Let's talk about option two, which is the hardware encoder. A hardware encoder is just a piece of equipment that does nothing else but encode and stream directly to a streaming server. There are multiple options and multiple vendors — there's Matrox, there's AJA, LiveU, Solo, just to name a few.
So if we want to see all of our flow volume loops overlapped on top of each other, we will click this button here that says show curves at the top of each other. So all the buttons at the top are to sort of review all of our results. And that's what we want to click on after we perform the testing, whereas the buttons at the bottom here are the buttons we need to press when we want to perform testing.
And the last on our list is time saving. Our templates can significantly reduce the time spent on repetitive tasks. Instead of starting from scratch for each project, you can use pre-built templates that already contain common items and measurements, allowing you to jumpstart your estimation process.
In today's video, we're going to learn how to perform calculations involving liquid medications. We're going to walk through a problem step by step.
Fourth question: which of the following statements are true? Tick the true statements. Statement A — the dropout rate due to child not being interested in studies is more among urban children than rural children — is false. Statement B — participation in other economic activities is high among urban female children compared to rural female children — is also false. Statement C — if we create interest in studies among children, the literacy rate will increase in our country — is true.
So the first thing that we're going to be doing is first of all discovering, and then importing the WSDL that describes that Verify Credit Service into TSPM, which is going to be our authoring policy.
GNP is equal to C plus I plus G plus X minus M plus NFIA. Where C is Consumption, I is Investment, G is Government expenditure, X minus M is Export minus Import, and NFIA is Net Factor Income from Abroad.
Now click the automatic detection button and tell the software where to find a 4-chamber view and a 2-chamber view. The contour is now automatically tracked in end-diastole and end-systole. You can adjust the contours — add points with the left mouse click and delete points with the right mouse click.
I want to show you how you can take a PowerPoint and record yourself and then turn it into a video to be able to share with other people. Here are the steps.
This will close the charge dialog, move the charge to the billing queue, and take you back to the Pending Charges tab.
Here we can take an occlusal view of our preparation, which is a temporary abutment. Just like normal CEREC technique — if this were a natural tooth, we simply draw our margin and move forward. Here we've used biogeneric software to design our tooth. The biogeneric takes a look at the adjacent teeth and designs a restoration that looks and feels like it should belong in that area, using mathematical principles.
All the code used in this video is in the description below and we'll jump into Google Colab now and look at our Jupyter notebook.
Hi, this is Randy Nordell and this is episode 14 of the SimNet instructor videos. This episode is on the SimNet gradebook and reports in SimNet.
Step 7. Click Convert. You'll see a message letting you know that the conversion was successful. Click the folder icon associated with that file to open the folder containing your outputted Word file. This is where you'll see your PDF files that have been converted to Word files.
----------------
> _Task requirements_
If a line in the material contains the word "then", copy that line.

> _Solution_
So the first thing that we're going to be doing is first of all discovering, and then importing the WSDL that describes that Verify Credit Service into TSPM, which is going to be our authoring policy.
I want to show you how you can take a PowerPoint and record yourself and then turn it into a video to be able to share with other people. Here are the steps.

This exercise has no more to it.